- Cover art by Joachim Luetke

Studio album by Meshuggah
- Released: 7 March 2008
- Recorded: March–October 2007
- Genre: Extreme metal; progressive metal; technical death metal; djent;
- Length: 52:22
- Label: Nuclear Blast
- Producer: Meshuggah

Meshuggah chronology
| Catch Thirtythree (2005) | obZen (2008) | Koloss (2012) |

Alternative cover
- Censored version

= ObZen =

obZen is the sixth studio album by Swedish extreme metal band Meshuggah. It was released in Europe on 7 March 2008, and in North America on 11 March 2008 by Nuclear Blast. Tomas Haake made his return as a studio drummer for the record after the Drumkit From Hell drum software was used on Catch Thirtythree. It is also the first album on which bassist Dick Lovgren performs despite having been a member of the band since 2004; this is due to the bass having been digitally programmed on the previous album, Catch Thirtythree, and the bass having been performed by guitarist Fredrik Thordendal on the previous I EP. The release of the album was followed by their first world tour. A music video was filmed for a shorter version of the song "Bleed". A two-disc vinyl re-issue was released on 22 March 2019 through Nuclear Blast. A remastered version was released 31 March 2023 for the 15th anniversary through Atomic Fire.

==Background==
In an interview with Revolver, drummer Tomas Haake stated that obZen would be a collective return to the band's past works, signalling a shift in direction away from their previous effort, Catch Thirtythree. "We've got some fast, intense songs and hectic, heavy stuff that draws from all the things we've done in the past."

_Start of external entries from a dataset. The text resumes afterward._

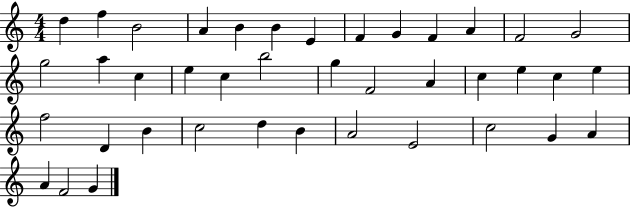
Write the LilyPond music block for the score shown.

{
  \clef treble
  \numericTimeSignature
  \time 4/4
  \key c \major
  d''4 f''4 b'2 | a'4 b'4 b'4 e'4 | f'4 g'4 f'4 a'4 | f'2 g'2 | \break g''2 a''4 c''4 | e''4 c''4 b''2 | g''4 f'2 a'4 | c''4 e''4 c''4 e''4 | \break f''2 d'4 b'4 | c''2 d''4 b'4 | a'2 e'2 | c''2 g'4 a'4 | \break a'4 f'2 g'4 | \bar "|."
}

The album was originally planned for release in November 2007, prior to a European tour featuring Meshuggah and The Dillinger Escape Plan. The recording process for obZen took longer than expected and led the band to drop out of the tour, later explaining on their official website that the "album-promotional" aspect of the touring no longer applied and that they would rather focus their priorities on getting the record finished.

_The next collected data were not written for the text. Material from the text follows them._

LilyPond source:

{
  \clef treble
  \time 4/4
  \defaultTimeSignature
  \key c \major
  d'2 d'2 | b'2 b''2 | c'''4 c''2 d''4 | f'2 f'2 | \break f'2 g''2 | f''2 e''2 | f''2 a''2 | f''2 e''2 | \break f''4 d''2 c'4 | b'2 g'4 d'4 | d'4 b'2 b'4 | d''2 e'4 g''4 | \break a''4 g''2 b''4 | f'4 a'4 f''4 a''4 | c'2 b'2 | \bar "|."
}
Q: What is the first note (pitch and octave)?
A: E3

In an interview, Haake commented further on the time taken to record the album, saying, "This time around we took almost six months to do all the recording and the sampling [...] we definitely took our time". Drumkit from Hell was used on the album, but not programmed as Catch Thirtythree was. Drumkit from Hell was an auxiliary sound source. He elaborated on the concept of the album in another interview, saying: "If you haven't figured it out yet, obZen means that mankind has found its 'zen' in the obscure and obscene." Haake also mentioned his favorite track on this album is "Dancers to a Discordant System". Meshuggah performed the song live for the first time at the opening show of the Koloss tour in Bristol, England, on 12 April 2012. It was performed as the closing song for every show on the tour since then.

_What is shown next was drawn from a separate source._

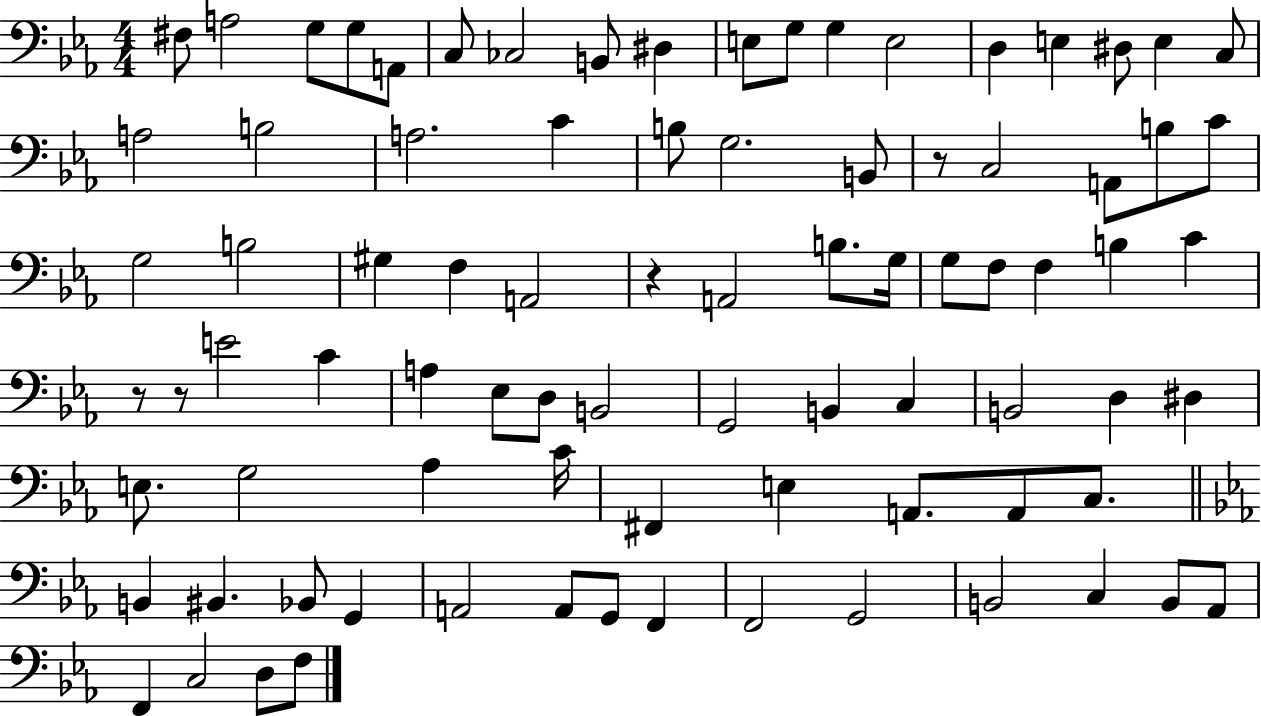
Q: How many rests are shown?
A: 4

The song "Bleed" was released as DLC for the Rock Band video games via the Rock Band Network on 18 June 2010.

==Album art==
Although Meshuggah had not done so in the past, the album art of obZen was outsourced. With a vision of what they wanted the artwork to be, Meshuggah made use of cross-media artist Joachim Luetke. In an interview with Nuclear Blast USA, Haake and Hagström explain that the artwork features a photograph of a male model in the "zen lotus position" with the bottom half of the photograph being from a female model. This is because the male model could not perform the position, making the figure androgynous. The model is covered in blood, which is explained as a metaphor for mankind finding peace of mind through obscenity. Additionally, each of the three blood-smeared hands poses in the shape of the number six, which is meant to symbolize the inherently evil nature of man.

==Reception==

obZen was acclaimed by critics and fans alike. On Metacritic, it has a score of 83 out of 100 based on 6 reviews, indicating "universal acclaim".

The album was praised for its consistency, and the band for their continued musical evolution, with Nick Terry from Decibel saying, "Three years on, and we have a new reference point to chart Meshuggah's musical evolution. And yeah, things are evolving nicely".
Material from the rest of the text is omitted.